A FALTA QUE NOS MOVE
No começo de A Falta que Nos Move, a estrutura de pessoas que se reúnem em uma casa e, ao longo da noite, revelam a podridão, me fez pensar em Festa de Família. Mas o filme de Christiane Jatahy, adaptado de sua própria peça teatral, mostra uma diferença de proposta fundamental: a reunião daqueles personagens/atores é filmada tem diversas brincadeiras entre realidade e interpretação, muito diferente do processo cristalizado como cinema de Thomas Vintenberg.
Cinco atores (Cris Amadeo, Dani Fortes, Pedro Brício, Kiko Mascarenhas e Marina Vianna) são trancafiados em uma casa, filmados ininterruptamente por 13 horas e seguindo um roteiro com tópicos.
Uma primeira leitura possível é a do jogo cinematográfico. Não sabemos muito bem se uma relação amorosa aconteceu mesmo, se o irmão de um deles é contrabandista, se a outra realmente não liga pro comunismo. Enfim, uma brincadeira metalingüística de revelar a presença da câmera, o que dá ao filme um ar de realidade, com elementos ficcionais.
Essa bifurcação leva a uma possível segunda leitura, a da experiência vivida pelos cinco atores. Fica claro que parte dos traumas e questões levantadas durante a noite diz respeito à vida deles. Até onde vai a exposição e a vulnerabilidade? A Falta que nos Move reflete também sobre o exercício do ator.
Ultrapassadas essas duas leituras, o filme vai para aonde? Esbarra no exercício metalinguístico de uma experiência vivida e em uma tentativa de negar a representação como cópia da realidade.
Até chegar às duas longas sequências finais, potentes por trazer o descontrole em nível estratosférico, o filme de Christiane Jatahy precisa de um imenso arco dramático para, no fim, provocar a catarse. Mas, até chegar à esperada e frenética resolução, A Falta que nos Move depende das piadas e pequenas viradas que tiraram aos poucos a minha paciência.
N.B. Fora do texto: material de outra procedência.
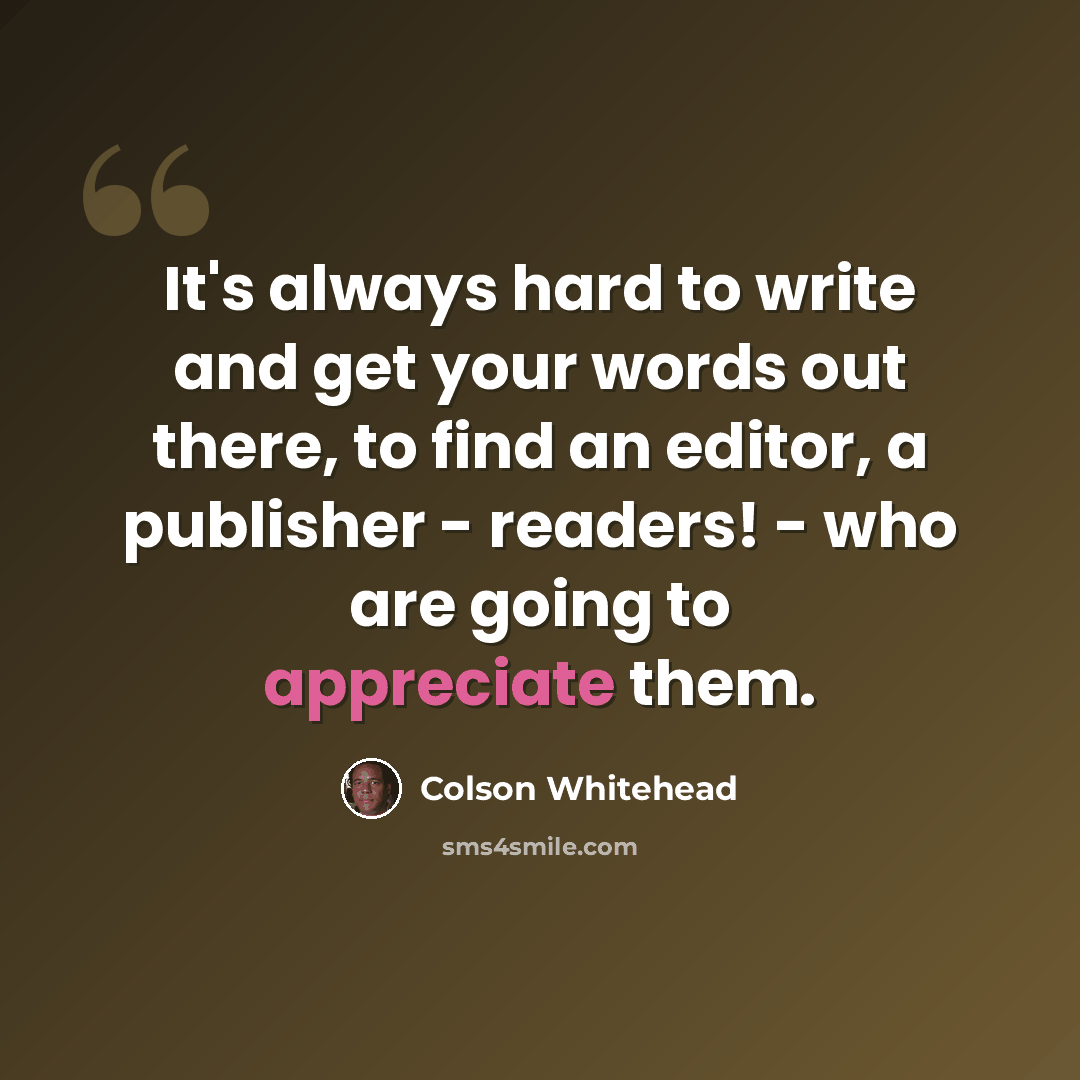“It's always hard to write and get your words out there, to find an editor, a publisher - readers! - who are going to appreciate them.” quote by Colson Whitehead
Nesse percurso, a iluminação e fotografia de Walter Carvalho (Budapeste), compõem um elemento de sofisticação no filme. Depois dessas leituras, o que resta de A Falta que nos Move é uma reafirmação da necessidade de viver experiências radicais, a defesa da amizade, o vazio e o registro da necessidade do ator em trazer elementos pessoas para o seu trabalho. Mas isso não é novidade.